Yeah, that's definitely the flattest part of this map! We (mostly Gswede) have just started processing Lidar for a sweet, and much flatter, area about 40-50 minutes away from town. I can't wait to get my hands on the resulting product!
Yeah, those are very impressive numbers out of the gate! I think there's magic with smaller cities with the right sort of demographics like Missoula. I'm excited to see how it continues!
I used to organize a series of free, grassroots, weeknight, urban orienteering events around my neighborhood in Seattle ('Hood Hunts if you've been around AP long enough). I'd publicize to my friends, the orienteering community, neighborhood blogs, calendars on newspapers and such, and at the end of the day, it would basically be my friends and orienteers, and the occasional neighborhood person. We're talking 25-30 people.

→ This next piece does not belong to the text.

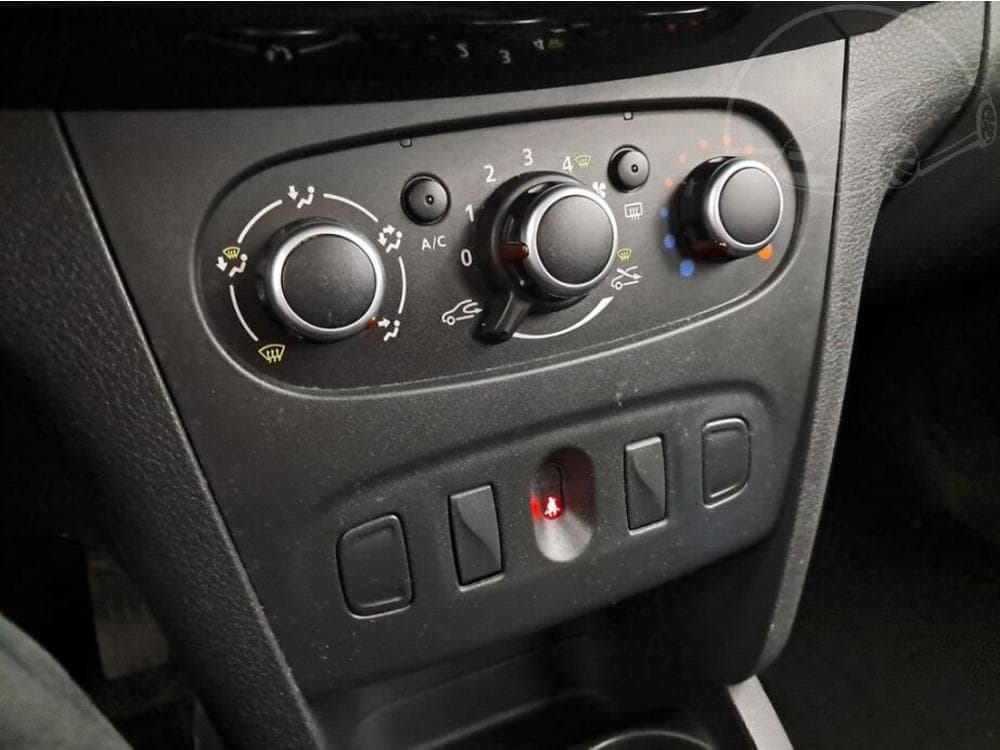 2019 Dacia LOGAN - 14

And then I went on a monthlong business trip to Wichita, where I had zero previous connections (I'm originally from suburban Kansas City, ~3 hours from Wichita). I reached out to a local running group and submitted the event to some calendars. The same sort of effort as before.

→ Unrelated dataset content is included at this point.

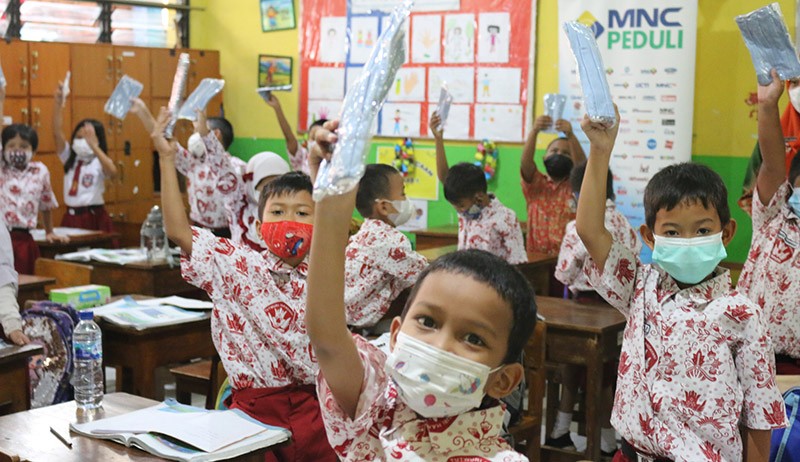 MNC Peduli Bagikan Masker-Hand Sanitizer untuk Murid SDN Cikini 01 Pagi - Bagian 3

But then the city's newpaper got interested and called me up for an article. When the article was printed, a local radio station got interested and invited me in for a live on-air interview. We had close to a hundred people show up, none of whom I knew!
That was in 2013, and every year or two, I'll still get an email from someone in Wichita asking about the "scavenger hunt" that I set up and how to do another one. It's usually a business looking for a team-building activity.
Seattle has a lot of smart, fit, hardy, outdoorsy people. Tens of thousands of them, maybe more. But in a big city, I feel that there's just too much else going on. Too many other people doing other things. It's hard to get any sort of exposure.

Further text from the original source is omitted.